Trainer and Experiments

This tutorial shows how to wire configs into a Lightning training loop and package everything into a reproducible experiment.

Note

This tutorial requires the lightning extra:

pip install 'neuraltrain[lightning]'

See also

Project Example – full training project

Building the training pieces

All training pieces start as typed configs:

import torch
import torch.nn as nn

from neuraltrain import BaseLoss, BaseMetric, LightningOptimizer, models

model_config = models.SimpleConvTimeAgg(hidden=32, depth=4, merger_config=None)
loss_config = BaseLoss(name="CrossEntropyLoss")
metric_config = BaseMetric(
    name="Accuracy",
    log_name="acc",
    kwargs={"task": "multiclass", "num_classes": 4},
)
optim_config = LightningOptimizer(
    optimizer={"name": "Adam", "lr": 1e-4},
    scheduler={"name": "OneCycleLR", "kwargs": {"max_lr": 3e-3, "pct_start": 0.2}},
)

brain_model = model_config.build(n_in_channels=204, n_outputs=4).cpu()
loss = loss_config.build()
metrics = {metric_config.log_name: metric_config.build()}

print("Model:    ", type(brain_model).__name__)
print("Loss:     ", loss)
print("Metrics:  ", metrics)
print("Optimiser:", optim_config)
Model:     SimpleConvTimeAggModel
Loss:      CrossEntropyLoss()
Metrics:   {'acc': MulticlassAccuracy()}
Optimiser: optimizer=Adam(lr=0.0001, kwargs={}) scheduler=OneCycleLR(kwargs={'max_lr': 0.003, 'pct_start': 0.2}) interval='step'

BrainModule

BrainModule is a LightningModule that wires the built pieces into a training loop. It lives in project_example/pl_module.py – you own the full training logic.

Key methods:

  • forward – extracts batch.data[x_name] and calls the model

  • _run_step – computes loss, updates metrics, logs both

  • configure_optimizers – builds the optimiser from config, passing total_steps for schedulers that need it

Here is the full implementation:

import lightning.pytorch as pl
from torchmetrics import Metric

from neuraltrain.optimizers import BaseOptimizer


class BrainModule(pl.LightningModule):
    def __init__(
        self,
        model: nn.Module,
        loss: nn.Module,
        optim_config: BaseOptimizer,
        metrics: dict[str, Metric],
        x_name: str = "input",
        y_name: str = "target",
        max_epochs: int = 100,
    ) -> None:
        super().__init__()
        self.model = model
        self.x_name, self.y_name = x_name, y_name
        self.optim_config = optim_config
        self.max_epochs = max_epochs
        self.loss = loss
        self.metrics = nn.ModuleDict(
            {split + "_" + k: v for k, v in metrics.items() for split in ["val", "test"]}
        )

    def forward(self, batch):
        return self.model(batch.data[self.x_name])

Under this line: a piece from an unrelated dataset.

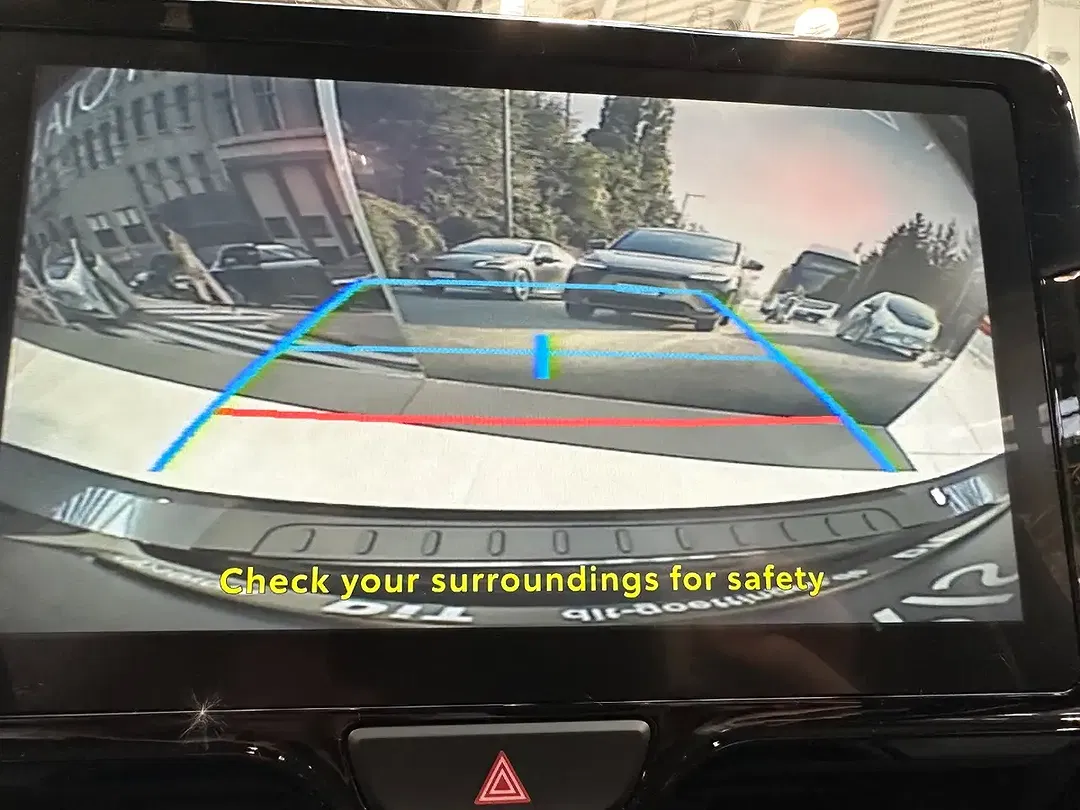 Toyota Yaris - Thumbnail 13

    def _run_step(self, batch, batch_idx, step_name):
        y_true = batch.data[self.y_name].squeeze(-1)
        y_pred = self.forward(batch)
        loss = self.loss(y_pred, y_true)
        self.log(f"{step_name}_loss", loss, on_epoch=True, prog_bar=True)
        for name, metric in self.metrics.items():
            if name.startswith(step_name):
                metric.update(y_pred, y_true)
                self.log(name, metric, on_epoch=True, prog_bar=True)
        return loss, y_pred, y_true

    def training_step(self, batch, batch_idx):
        loss, _, _ = self._run_step(batch, batch_idx, step_name="train")
        return loss

    def validation_step(self, batch, batch_idx):
        _, y_pred, y_true = self._run_step(batch, batch_idx, step_name="val")
        return y_pred, y_true

    def test_step(self, batch, batch_idx):
        self._run_step(batch, batch_idx, step_name="test")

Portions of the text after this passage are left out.